We talked about four questions:

  1. Why should philosophers rule in the best city?
  2. What are philosophers?
  3. Why are philosophers frequently unsavory or useless?
  4. Why would even good philosophers be willing to run the city?

Forms and philosophers

Philosophers should rule because they know what is good. They both have the inclination to learn about what is really good and the ability to discover the answer. The other members of the city have neither the inclination nor the ability to know the good.

But what is this really good or “the” good of which Plato speaks?

The answer to that question took us on an extensive discussion of Plato’s doctrine of the forms and, in particular, the form of the good. Forms are what explain why particular things have the qualities that they do, such that otherwise diverse things could all be brown, beautiful, rectangular, or good. Philosophers are interested in forms. Unlike other people, they are not content to have a lot of knowledge of particular things that they get through their everyday experience of the world: “the many beautiful things are visible but not intelligible, while the forms are intelligible but not visible” (507b).

I used analogies to our understanding of the sciences in order to illustrate the sort of thing that Plato meant. Roughly, we think that the laws of physics and the entities that are mentioned in those laws best describe ultimate reality. Their description of ultimate reality is quite different from everyday experience: tables aren’t actually solid, for instance. But we still believe that what physicists tell us about tables is more accurate than what our eyes tell us.

There two big difference between our scientific image of the world and Plato’s.

First, as Will pointed out, scientific knowledge is based on sensory experiences. We devise experiments and instruments that enable us to extend what we can learn by the senses beyond what we gain from everyday experience. But it all comes down to experience nonetheless. For Plato, by contrast, mathematics provided the model of knowledge. But mathematics has nothing to do with anything particular that you can see or touch. When we draw figures like my right triangle, it’s just a way of saying “we’re talking about right triangles now.” It doesn’t mean that we’re going to say anything about the particular figure on the board: after all, it’s unlikely to be a genuine right triangle.
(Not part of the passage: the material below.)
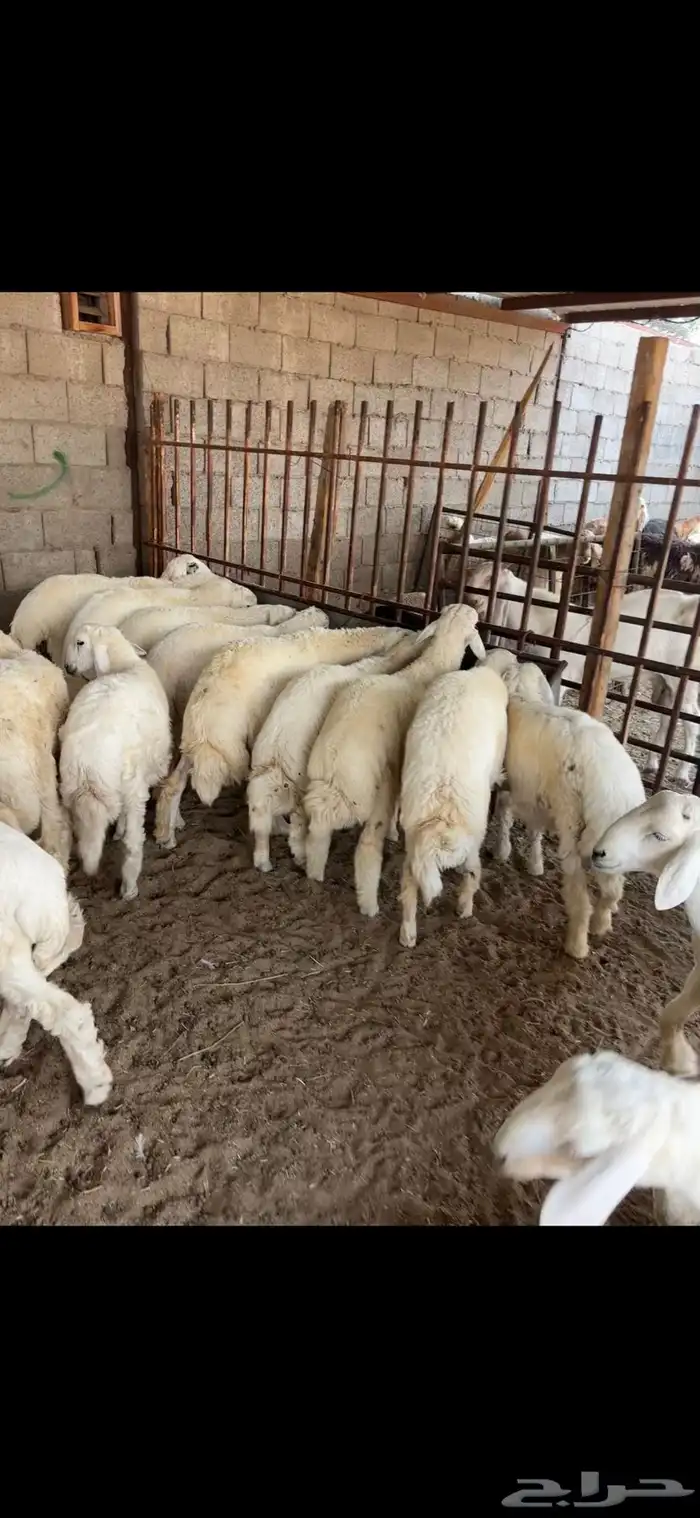 بهم خرفان حريات 6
Second, Plato believed that values, such as the good, are part of ultimate reality. The abstract study of these forms will reveal not only the laws governing physical bodies but what is good, beautiful, and the like. This is foreign to our belief that ultimate reality is best studied through the natural sciences.
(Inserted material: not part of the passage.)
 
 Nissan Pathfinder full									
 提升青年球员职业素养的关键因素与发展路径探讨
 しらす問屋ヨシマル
Why would they agree to rule?

Going back to rule the city seems to be bad for the philosophers. Why would they do it? I said that I thought there were two broad kinds of answers in the Republic.
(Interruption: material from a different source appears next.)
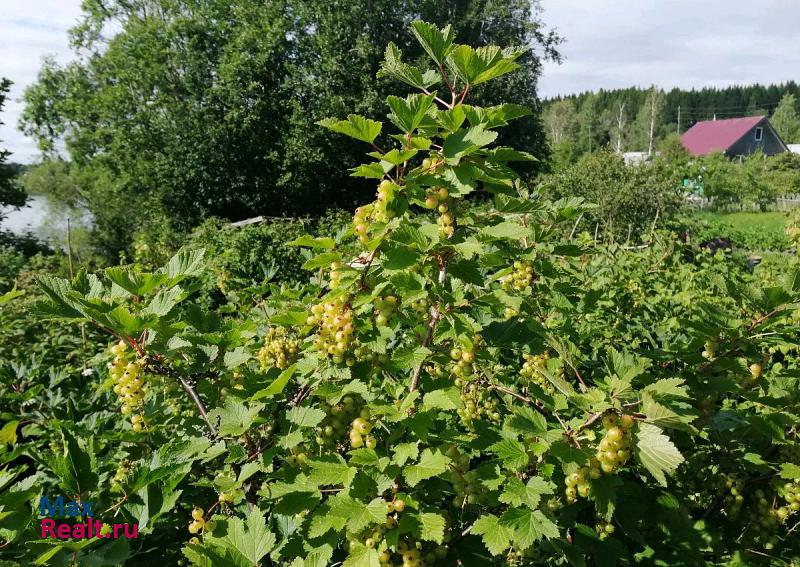 Питкяранта Питкярантское городское поселение, Ладожская улица, 14 дом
  1. Justice: the philosophers know that ruling the city is the just or right thing for them to do.
  2. The philosophical life: they do it because they know that this is part of leading the life that they value.

There are advantages and disadvantages to each of these answers.

The first answer would explain why they would do it. But it isn’t informative: why is this is the just thing to do and how do they know that? And if this is why they would do it, what are we doing about Glaucon’s question? Wasn’t the challenge to show why it makes sense to sacrifice your own interests for the sake of others when you don’t have to do so? How does the claim that the philosophers will sacrifice their own interests for the sake of others because it’s the just thing to do help to meet that challenge? Is it because we assume they know more about what is good than we do, such that they would know the answer even if we don’t? Perhaps, but that doesn’t tell us much about what the answer to Glaucon’s question is.

Maybe Glaucon’s question was answered in Book IV, as Sam suggested. That makes a lot of sense to me. But this seems like a perfect occasion to apply the answer from Book IV to a particular question. How would that answer have gone?

The second answer is given by Williams at the end of the handout. It is more informative. But it faces two difficulties of its own. First, it appears to fall short of showing that justice is desirable “for its own sake.” At most, it seems to show that the guardians have to think of it that way for the sake of the philosophical life that they value. It also raises a question about why any individual philosopher would be willing to rule. If I’m a philosopher, my best option would be for other philosophers to rule the city, leaving me free to walk around outside the cave. Of course, the other philosophers probably won’t let me get away with that. But actually ruling seems to be a distinctly second best alternative, just as Glaucon said just behavior in general is.

Compulsion

The term “compulsion” is used in two different senses in our translation. The ambiguity almost certainly pervades the original greek text as well.

When Plato says that the study of mathematics “compels the soul to use understanding itself” (526b), he means that the force of reasoning will lead to this outcome. Anyone who understands mathematics will think in this way (whatever it means to “use understanding itself”).

By contrast, when he describes the oligarchic person as holding his appetites in check “not by persuading them that it’s better not to act on them or taming them with arguments, but by compulsion and fear” (554d), he means something quite different. “Compulsion” here involves force, not persuasion.

Plato says that the philosophers will “go to rule as to something compulsory” (520e). Which sense does he mean there? I think that most scholars believe it is the first one: they go to rule because they are convinced that it is the right thing to do.